A comunicação social não constitui qualquer entrave à boa administração da justiça.

A mediatização dos últimos casos de detenções e prisões preventivas de personalidades colocadas no topo da administração pública tem gerado críticas ao que chamam “justiça-espectáculo” e “comunicação violadora do segredo de justiça”. Tal circunstancialismo merece uma breve reflexão sobre o tema.

Foi a partir da década de 80 que alguns julgamentos começaram a atrair a atenção dos órgãos de comunicação social, não só pela natureza dos crimes investigados, mas sobretudo pelas figuras públicas envolvidas nesses processos. A vida política era até então um mundo à parte, como que subtraída à jurisdição dos tribunais e à sindicância da comunicação social. Entretanto, os meios de comunicação social, com o 25 de Abril, haviam já adquirido um estatuto de independência, o que levou ao início da investigação jornalística de factos suspeitos, quando constituíam escândalos de corrupção ou crimes de “colarinho branco”. A “descoberta” dos tribunais pelos media suscitou questões novas na administração da justiça entre os profissionais do foro e os jornalistas, o que levou o Conselho Distrital do Porto da Ordem dos Advogados a chamar a atenção para o fenómeno, emitindo um comunicado (JN-07.05.94), chamando a atenção para o facto de a independência dos tribunais se colocar em termos diferentes daqueles em que se colocava anteriormente e alertava os operadores judiciários para a necessidade de preservar o segredo de justiça e de evitar que o público fique com a sensação de que as decisões judiciais são proferidas de acordo com “a verdade e o juízo” previamente definidos pela comunicação social.

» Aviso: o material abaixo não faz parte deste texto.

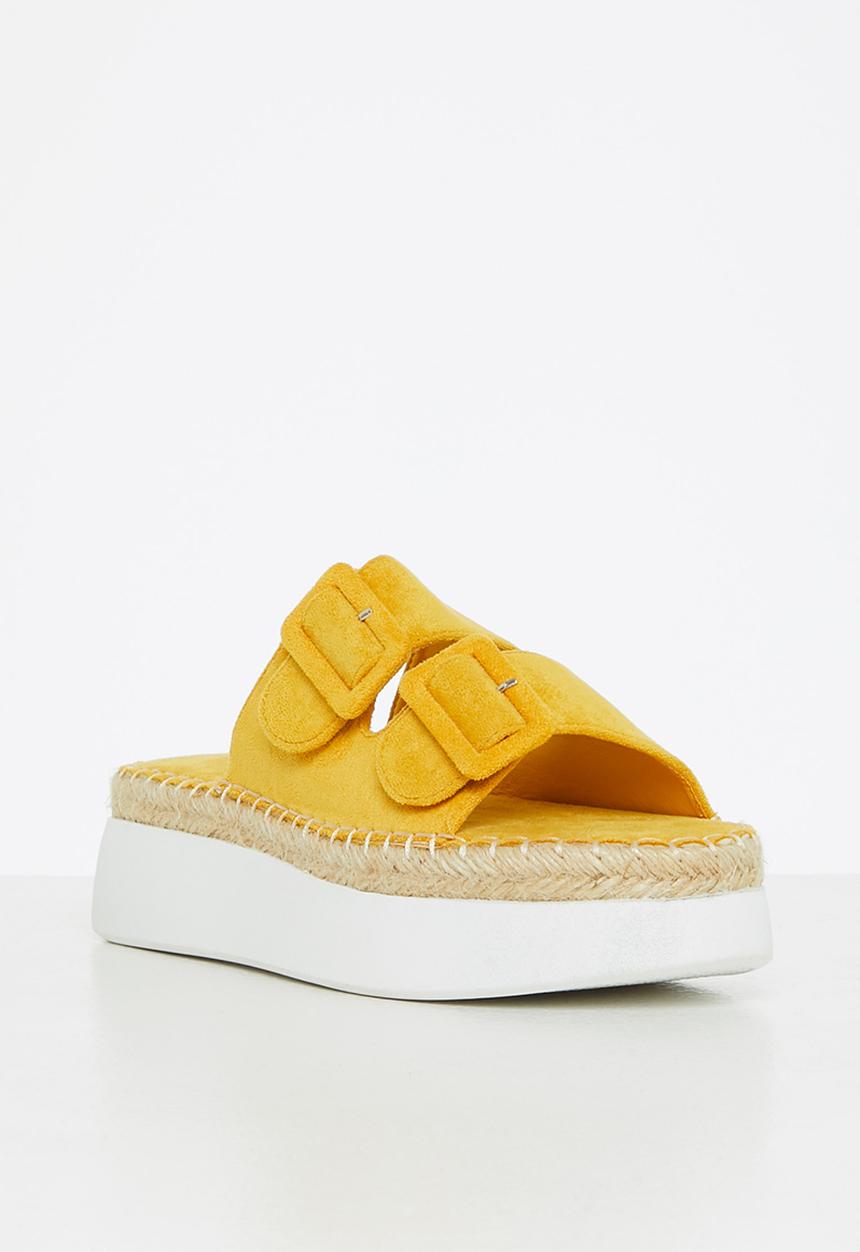 dailyfriday - Thea mule slide - yellow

Creio existir um amplo consenso sobre a necessidade de sensibilizar os juízes, logo na sua formação, para as virtualidades de um são relacionamento com o público em geral e os profissionais da comunicação social, em ordem a salvaguardar a dignidade e a imagem da justiça. De igual modo, importa consciencializar os jornalistas para as especificidades e os interesses particulares em jogo na actividade judicial, nomeadamente para o respeito do princípio constitucional da presunção de inocência.

A comunicação social não constitui qualquer entrave à boa administração da justiça, antes traduzindo a sua participação nos actos públicos, numa amplificação da publicidade dos julgamentos, permitindo uma fiscalização indirecta pelo povo da forma como é exercida, em seu nome, a justiça em Portugal. Sem perder de vista que os jornalistas e os magistrados obedecem a lógicas de actuações diferentes, é manifesto que o direito a informar não é, em absoluto, incompatível com o direito a um julgamento sereno, a efectuar na sede própria, a que todos os cidadãos têm direito. A opinião pública é a melhor garantia de fiscalização da justiça, servindo tanto para reforçar a autoridade do poder judicial perante os outros poderes do Estado como para proteger os cidadãos dos eventuais abusos dos tribunais. Neste contexto é que se coloca a questão de saber qual o papel da comunicação social na correcção dos vícios da justiça, enquanto órgão do poder do Estado democrático. A justiça e a publicidade, quando correctamente ligadas, poderão propiciar maior garantia da independência dos tribunais aos olhos dos cidadãos.

Por isso, à comunidade jornalística impõe-se uma reflexão acerca dos valores universais que a legitimam no modus operandi, nas suas investigações, em busca da verdade, na certeza de que se demitem das suas funções quando hesitam no seu dever de livre crítica. Ao abraçar e manifestar a ética que contempla os valores do humanismo, dentro de uma perspectiva de pluralismo e liberdade de expressão, os media desempenham um papel importante na evolução das mentalidades e das culturas e na correcção de eventuais comportamentos desviantes na actividade política e judicial.